Biegun is hardly the only Bushie to be tapped for Palin duty. Among others:
Matt Scully, a former Bush White House speechwriter who helped
draft some of the major foreign-policy addresses during the president’s
first term, is working on Palin’s acceptance speech to the convention
Wednesday night.
Mark Wallace, a former lawyer for the Bush 2000 campaign who served
in a variety of administration jobs including chief counsel at the
Federal Emergency Management Agency and deputy ambassador to the United
Nations, has been put in charge of “prep” for the debate against Biden.
Wallace’s wife, Nicolle Wallace, the former White House communications director, has taken over the same job for Palin.
Tucker Eskew, another senior Bush White House communications aide, is serving as senior counselor to Palin’s operation.
Douglas Holtz-Eakin, the former chief economist at the Council of
Economic Advisers who has been serving as top economics guru for the
McCain campaign, has moved over to serve as Palin’s chief
domestic-policy adviser.
The proliferation of former Bush White House aides in the Palin team
may strike some as ironic—and could even provide some fodder for the
Democrats—given the McCain camp’s efforts to distance itself from the
unpopular president. (It has been widely noted, for example, that while
the president is addressing the convention tonight by satellite,
neither the president nor Vice President Cheney will be coming anywhere
near
St. Paul. And
when Palin's selection was announced last week, McCain aides touted it
as an example of the senator returning to his "reformer roots" and
rebelling against the GOP establishment.)
One administration critic, Steve Clemons of the New America
Foundation, said today that while he personally liked Biegun and
viewed him as “extremely competent,” his retention as Palin’s
foreign-policy tutor could have unpleasant consequences. Describing Biegun—a
Russia expert who once served as staff director for Sen. Jesse Helms at
the Senate Foreign Relations Committee—as a “big gun” in conservative
foreign-policy circles, Clemens said “he will turn her into an advocate
of Cheneyism and Cheney’s view of national-security issues.”
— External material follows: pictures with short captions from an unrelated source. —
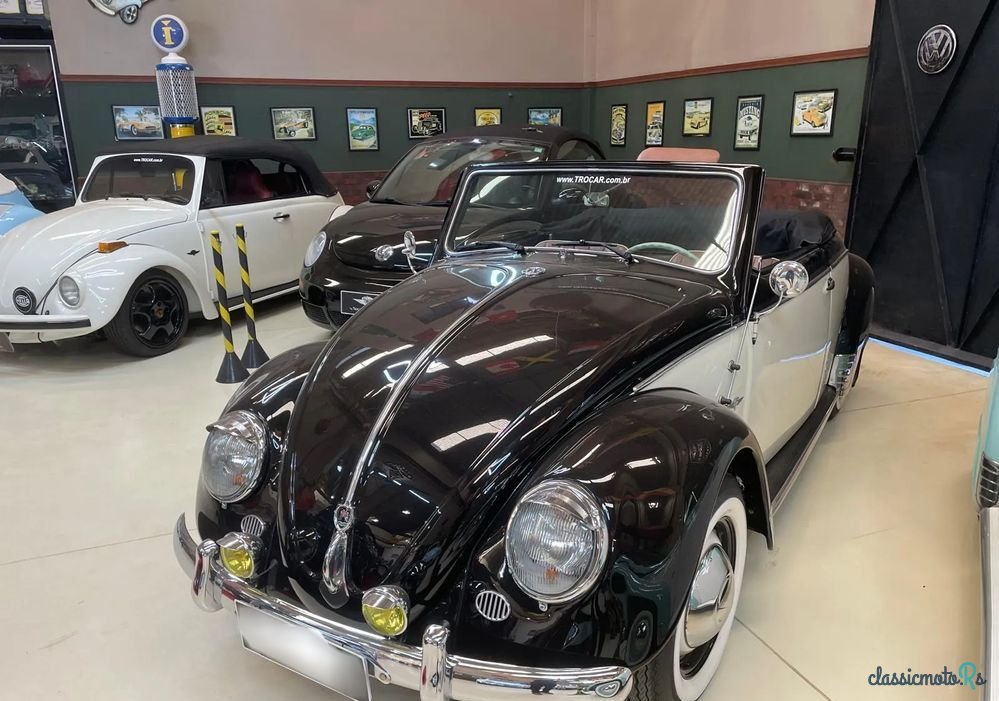1962' Volkswagen Carocha photo #2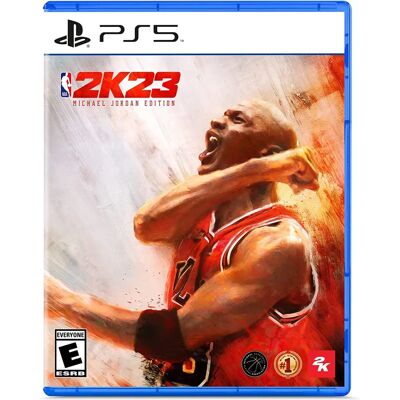 2K NBA 2K23 Édition Michael Jordan - PlayStation 5 - Jeu vidéo - Publicité 2K NBA 2K23 Édition Michael Jordan - PlayStation 5 - Jeu vidéo - Publicité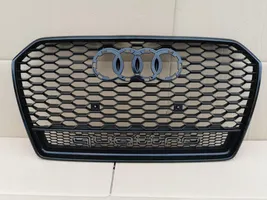 Audi A6 C7 Griglia superiore del radiatore paraurti anteriore 4G0853653N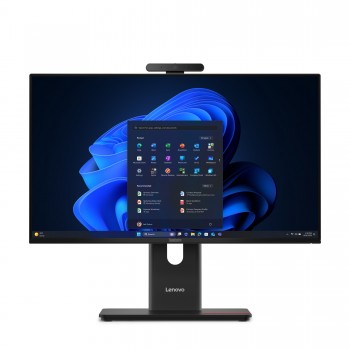 Lenovo ThinkCentre M70a Gen 6 Negro - 23.8" - Intel Core Ultra 5 225T - 16GB - 512GB -Windows 11 Pro 13AY002PSP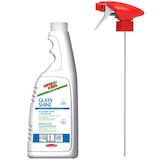 thumbnail of Neutraler Reiniger für Glas & Plexiglas, ECOLABEL, 6 x 750 ml Flasche, pH-neutral, materialschonend, sehr ergiebig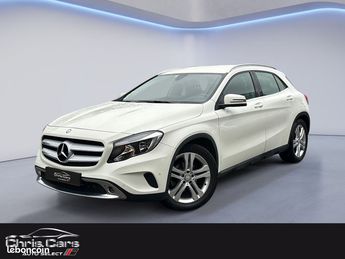  Voir détails -Mercedes Classe B GLA 220 d Sensation 4Matic 7G-DCT Garant à Chavanoz (38)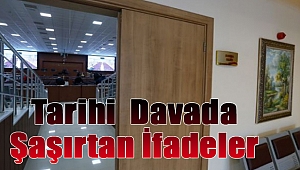 İzmir’deki tarihi davada darbeci askerlerden şaşırtan ifadeler!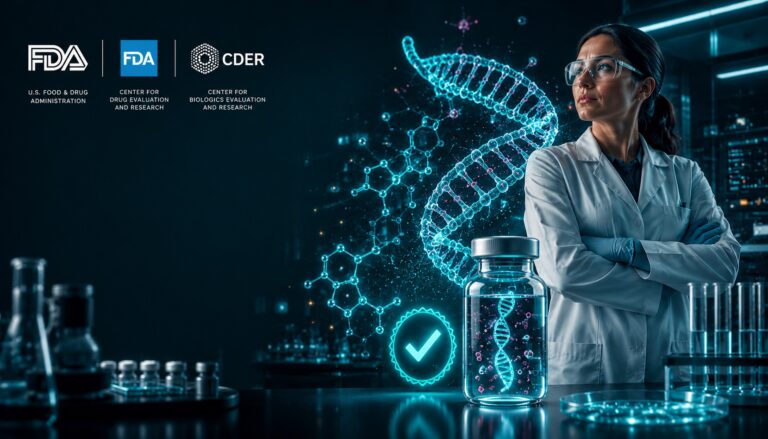 FDA Introduces 2026 Flexible CMC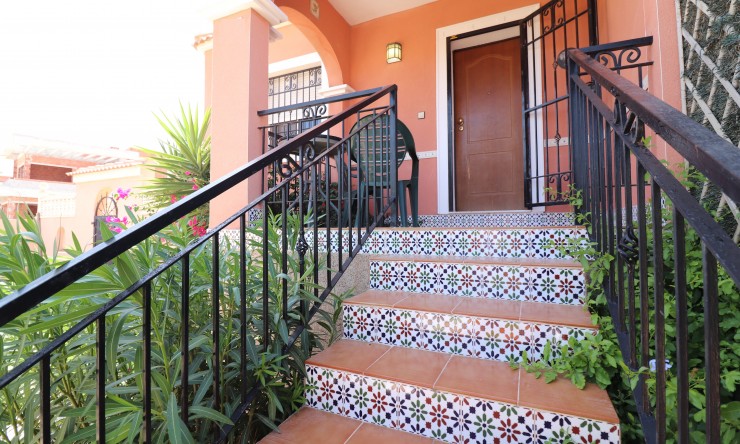 Huur - Quad Villa - Los Montesinos - La Herrada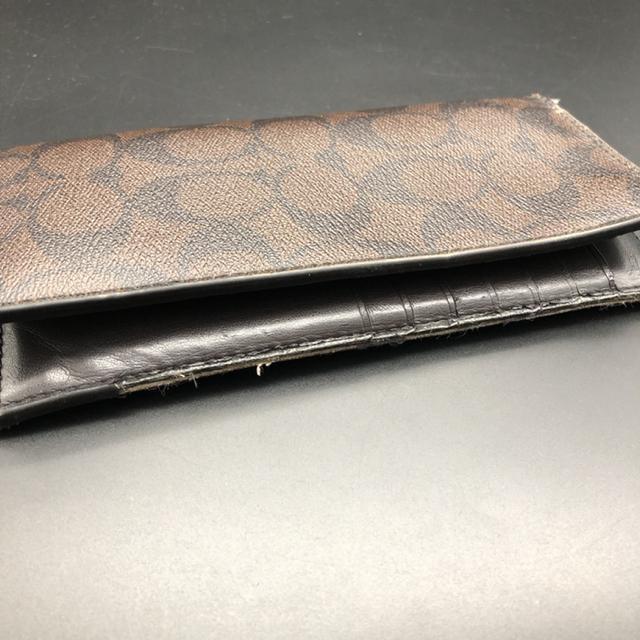 即決 COACH コーチ シグネチャー 長財布 < ブランド  即決 COACH コーチ シグネチャー 長財布 < ブランドの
But another former colleague, Matthew Waxman, said that he saw
Biegun as more of a pragmatist than ideologue when they worked together
at the NSC under Rice. “Steven Biegun was one of the steadiest hands I
worked with in government,” said Waxman. “He was kind of the chief of
staff of the NSC. He was running day-to-day operations, and he did so
extremely effectively.”
How effective he is in instructing Palin on the fine points of
national-security and foreign-policy issues may now turn out to be one
of the biggest questions of the campaign.